При всей своей неуемной болтливости, Наполеон был из тех людей, которые знали, что говорить, когда говорить и как долго, потому что, если смотреть в корень, именно на этом умении строится все его благополучие как мошенника, манипулятора и просто лучшего агента ЦРУ; и сейчас он знал, что лучше вообще ничего не говорить. Знаете, эффект неожиданности порой творит чудеса, давая вам возможность совершить такие вещи, о которых нельзя и мечтать, если о них заранее предупредить. Например, поцеловать человека, способного одним движением рук свернуть вашу шею просто за единственное неверное слово. И как бы безумно все это ни казалось, Соло со всей уверенностью мог сказать, что хотя бы попытка того стоит, потому что Наполеон давно перестал сопротивляться мыслям о том, что русский чертовски цепляет его, хотя обычно мужчина привык выступать в подобной роли для всех вокруг, так что сейчас даже вся его самоуверенность не облегчала задачи.

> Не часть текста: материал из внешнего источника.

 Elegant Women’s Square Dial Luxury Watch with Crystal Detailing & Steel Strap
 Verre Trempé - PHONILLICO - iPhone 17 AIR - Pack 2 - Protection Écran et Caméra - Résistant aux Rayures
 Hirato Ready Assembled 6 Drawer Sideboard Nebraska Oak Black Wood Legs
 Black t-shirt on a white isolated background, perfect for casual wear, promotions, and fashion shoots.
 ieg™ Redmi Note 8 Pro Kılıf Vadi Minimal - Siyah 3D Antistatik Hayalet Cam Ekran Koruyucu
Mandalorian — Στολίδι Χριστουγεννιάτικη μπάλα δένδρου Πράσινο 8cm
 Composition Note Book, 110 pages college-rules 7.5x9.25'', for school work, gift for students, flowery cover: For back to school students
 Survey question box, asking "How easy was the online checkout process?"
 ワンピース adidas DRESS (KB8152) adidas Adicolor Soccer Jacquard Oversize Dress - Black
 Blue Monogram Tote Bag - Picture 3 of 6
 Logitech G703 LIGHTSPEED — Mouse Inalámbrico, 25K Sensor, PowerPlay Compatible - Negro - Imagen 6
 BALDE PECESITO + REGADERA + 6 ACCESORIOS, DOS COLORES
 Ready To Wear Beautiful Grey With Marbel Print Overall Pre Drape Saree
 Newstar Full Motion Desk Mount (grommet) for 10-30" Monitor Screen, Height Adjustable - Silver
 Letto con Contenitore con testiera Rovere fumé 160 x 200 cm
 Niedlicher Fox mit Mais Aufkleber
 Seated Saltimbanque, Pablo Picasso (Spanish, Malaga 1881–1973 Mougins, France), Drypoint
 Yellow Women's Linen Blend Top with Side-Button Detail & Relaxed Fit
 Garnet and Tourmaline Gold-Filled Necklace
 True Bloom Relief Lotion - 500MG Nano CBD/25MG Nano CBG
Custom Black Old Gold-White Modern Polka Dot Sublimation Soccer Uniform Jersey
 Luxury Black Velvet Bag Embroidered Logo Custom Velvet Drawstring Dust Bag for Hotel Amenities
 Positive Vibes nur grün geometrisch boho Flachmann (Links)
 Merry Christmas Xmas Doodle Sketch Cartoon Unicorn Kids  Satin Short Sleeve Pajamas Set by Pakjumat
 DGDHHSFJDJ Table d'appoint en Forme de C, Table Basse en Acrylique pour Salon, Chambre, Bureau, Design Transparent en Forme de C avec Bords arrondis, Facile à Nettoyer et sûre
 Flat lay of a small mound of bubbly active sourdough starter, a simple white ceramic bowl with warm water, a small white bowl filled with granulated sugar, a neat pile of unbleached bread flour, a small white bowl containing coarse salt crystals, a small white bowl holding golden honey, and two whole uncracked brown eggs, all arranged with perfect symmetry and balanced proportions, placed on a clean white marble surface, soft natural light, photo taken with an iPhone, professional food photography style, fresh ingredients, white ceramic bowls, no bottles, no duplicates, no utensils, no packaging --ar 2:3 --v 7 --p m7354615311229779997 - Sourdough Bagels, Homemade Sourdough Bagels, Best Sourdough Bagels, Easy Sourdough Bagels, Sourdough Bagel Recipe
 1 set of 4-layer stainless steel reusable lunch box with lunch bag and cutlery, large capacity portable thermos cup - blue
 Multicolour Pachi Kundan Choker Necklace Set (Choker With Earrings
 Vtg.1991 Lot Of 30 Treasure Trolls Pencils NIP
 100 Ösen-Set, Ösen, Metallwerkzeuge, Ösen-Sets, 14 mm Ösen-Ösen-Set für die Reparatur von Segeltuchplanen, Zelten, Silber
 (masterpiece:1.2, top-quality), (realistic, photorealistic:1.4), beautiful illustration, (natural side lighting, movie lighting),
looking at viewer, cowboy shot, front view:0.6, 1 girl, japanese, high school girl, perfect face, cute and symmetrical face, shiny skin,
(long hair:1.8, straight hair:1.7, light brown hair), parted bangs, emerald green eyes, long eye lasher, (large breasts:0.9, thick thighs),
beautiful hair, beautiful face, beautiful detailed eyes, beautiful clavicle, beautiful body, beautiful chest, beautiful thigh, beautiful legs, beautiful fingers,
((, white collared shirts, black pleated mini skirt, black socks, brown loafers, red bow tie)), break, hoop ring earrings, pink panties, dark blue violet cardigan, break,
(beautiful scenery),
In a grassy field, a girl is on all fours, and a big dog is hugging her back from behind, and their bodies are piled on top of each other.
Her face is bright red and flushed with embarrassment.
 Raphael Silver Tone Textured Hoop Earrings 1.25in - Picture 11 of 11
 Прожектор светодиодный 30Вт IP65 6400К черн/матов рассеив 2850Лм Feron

И тем не менее, американец разворачивается к напарнику, который все еще стоял рядом, и молча берет его за ворот белоснежной рубашки, крепко сжимая ткань в кулаках, словно это могло помочь ему удержать Илью, если тот вдруг решит вырваться и вернуть мир на круги своя.
- Если честно, большевик, то мне действительно нужна твоя помощь, - Соло не дает русскому опомниться или что-то возразить, он просто заставляет его склониться немного ближе и уверенно целует мужчину, медленно, хоть и не чувствуя от него отклика; сейчас он лишь понадеялся, что это пока.
По позвоночнику вниз, к пояснице, спустилась предательская волна тепла, и все, о чем теперь мог думать Наполеон, это о том, насколько мягкие кровати делали в середине девятнадцатого века.
А мир и связанные лорды могут подождать, если он переживет этот поцелуй.